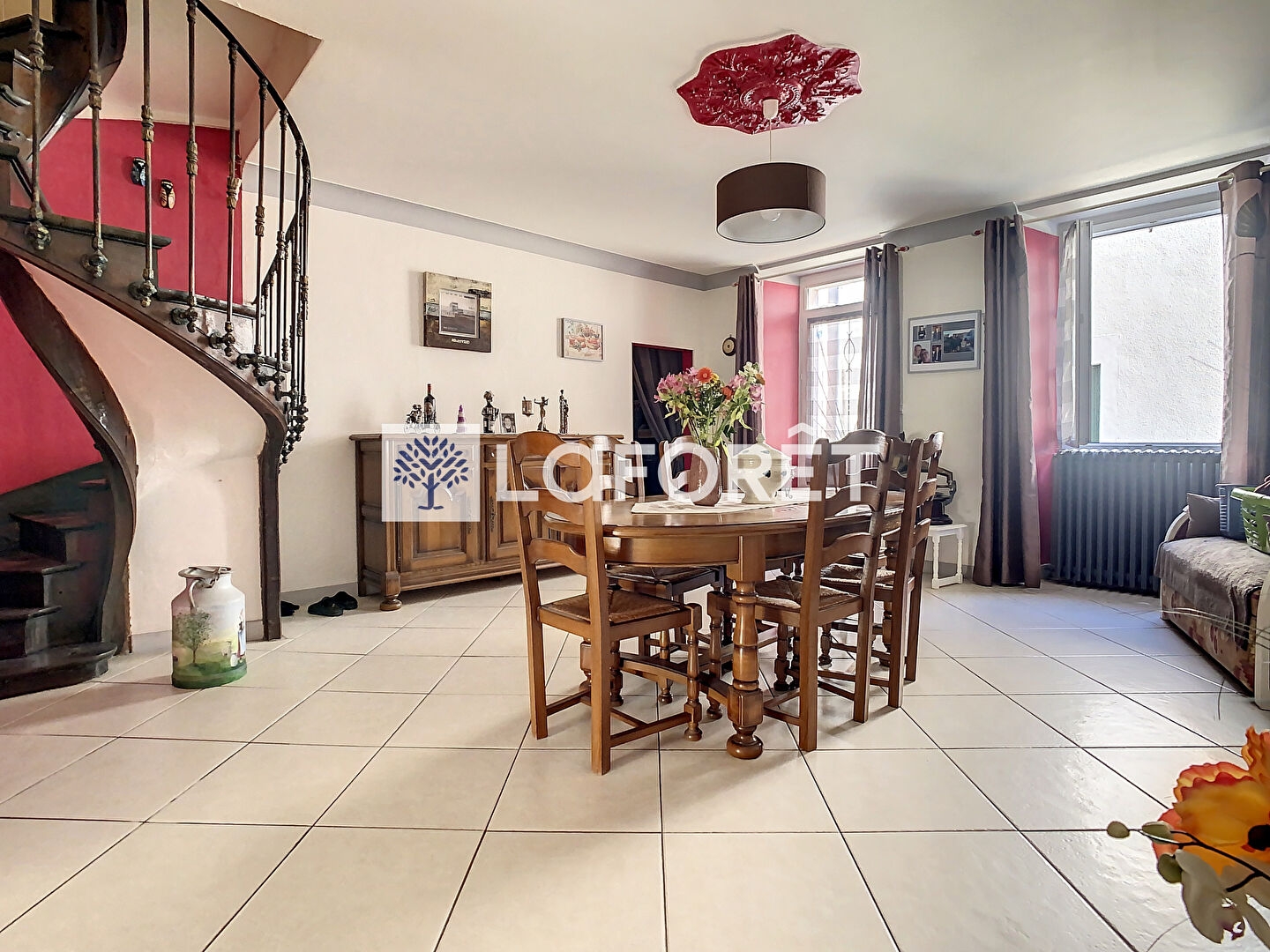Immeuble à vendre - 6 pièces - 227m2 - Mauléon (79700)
-------------------------
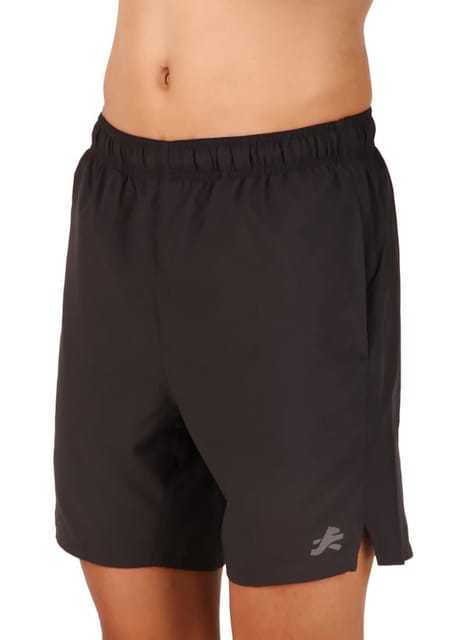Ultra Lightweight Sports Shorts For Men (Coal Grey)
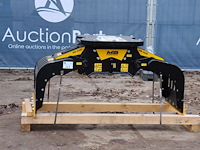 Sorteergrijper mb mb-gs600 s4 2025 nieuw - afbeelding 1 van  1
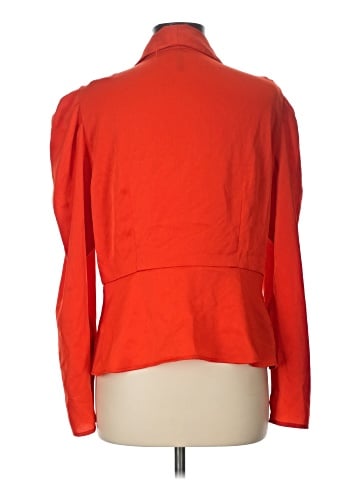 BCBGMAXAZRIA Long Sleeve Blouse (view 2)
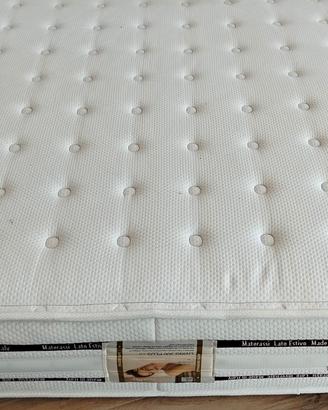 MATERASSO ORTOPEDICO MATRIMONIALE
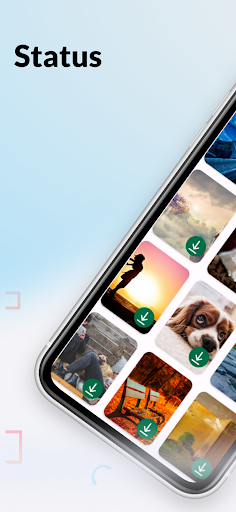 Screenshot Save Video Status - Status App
-------------------------
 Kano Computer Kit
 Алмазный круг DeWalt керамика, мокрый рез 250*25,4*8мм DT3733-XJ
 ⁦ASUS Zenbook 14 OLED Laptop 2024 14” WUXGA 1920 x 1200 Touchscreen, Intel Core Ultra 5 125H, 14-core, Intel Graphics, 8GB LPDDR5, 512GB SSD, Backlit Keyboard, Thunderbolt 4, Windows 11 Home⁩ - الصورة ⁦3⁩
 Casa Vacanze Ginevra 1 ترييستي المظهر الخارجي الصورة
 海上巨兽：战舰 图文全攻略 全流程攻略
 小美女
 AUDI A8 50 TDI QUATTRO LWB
-------------------------
## Prompt:
In the listing above, find the line containing "Ultra Lightweight Sports" and the line containing "Screenshot Save Video Status - Status App", then return both of them and every line between, exactly, without pictures.

## Answer space:
Ultra Lightweight Sports Shorts For Men (Coal Grey)
 Sorteergrijper mb mb-gs600 s4 2025 nieuw - afbeelding 1 van  1
 BCBGMAXAZRIA Long Sleeve Blouse (view 2)
 MATERASSO ORTOPEDICO MATRIMONIALE
 Screenshot Save Video Status - Status App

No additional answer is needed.